Drawbacks include that parts of the park will be closed at least a year and the fact that the whole job will take at least two years.

Another change could be permanent, however, namely that the park apparently will have a more decorative and ornamental character from its current freewheeling, spontaneous nature. This seems most apparent in the fountain plans. In recent years, the fountain hasn’t been turned on much because it’s been broken, Parks says. The dry fountain, of course, is a major performance space. When it’s on, children and others use it to play in and cool off in the summer.

But the plan for a 45-tall spouting plume and eight side jets shooting arcs of water means musicians, sword swallowers, comics and other performers won’t be able to do their acts in the fountain during the warm weather. Plus, Parks says, they’ll now need permits for large performances. And musicians will find it hard to jam on the fountain’s edge with water spraying on their guitars. Also, under new regulations, kids won’t be able to use the fountain as a wading pool anymore.
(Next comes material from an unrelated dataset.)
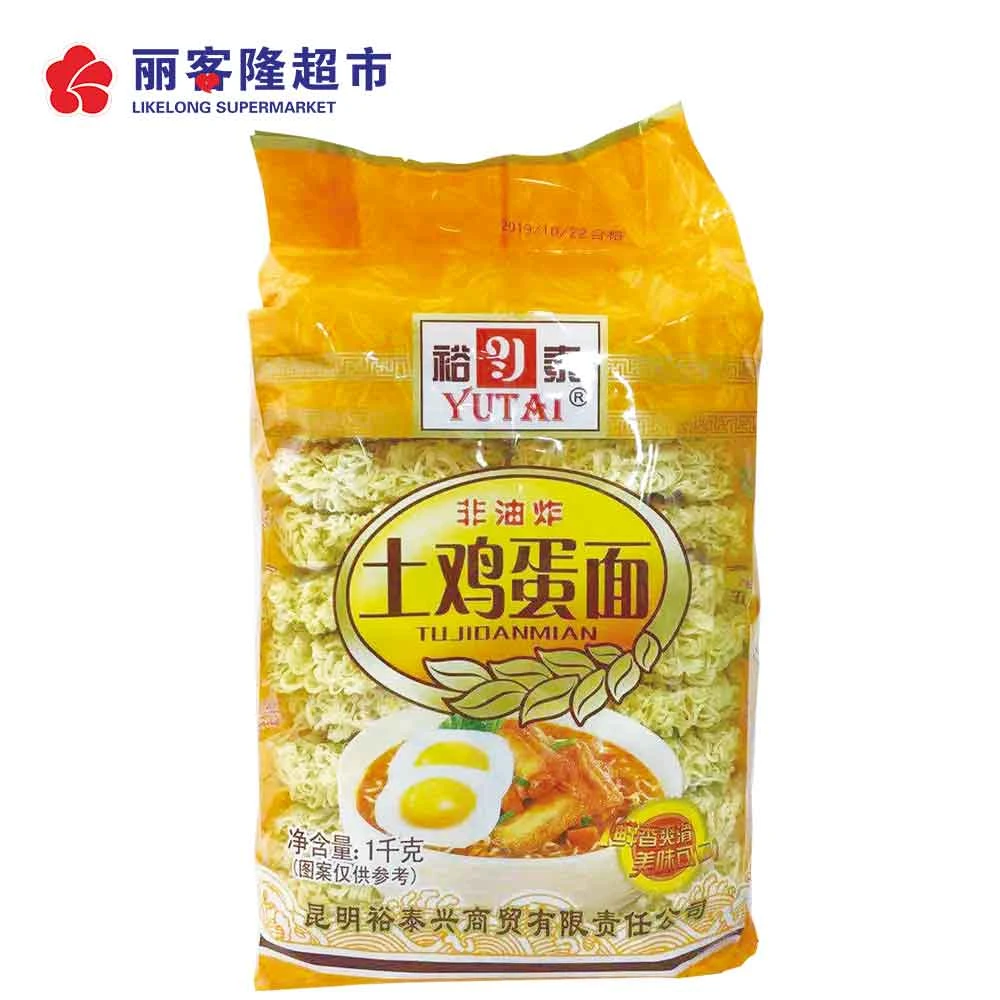 裕泰非油炸鸡蛋面1kg/袋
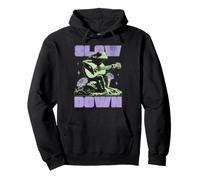 Slow Down Frog Playing Guitar Relax & Enjoy Your Life Felpa con Cappuccio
The park’s unique culture centers on the fountain. Making it an ornament is a fundamental change to the park’s zeitgeist. While Parks officials have repeatedly said at community board meetings, “use of the fountain won’t change,” clearly, it will.

Parks says an attendant will be around to adjust the fountain’s digitized controls. But we’re skeptical.

Noise is another concern. The park is restful now, the tranquility lightlly punctured by musicians and performers. But a plume four-and-a-half stories tall with more water blasting from the sides means constant, droning white noise. Don’t we have enough noise? We go to parks to relax.

Parks says it will fine-tune the fountain specs. Yet, even a two-story plume will be loud. One thing’s clear: Parks now literally — in the digitized fountain switches — and metaphorically, has its hand on the controls of Washington Square and its very activity.

We hope that Parks will, as Borough Commissioner Bill Castro said, carve out time for performances in the fountain. After all, people don’t come from around the world to Washington Square to see pink urns.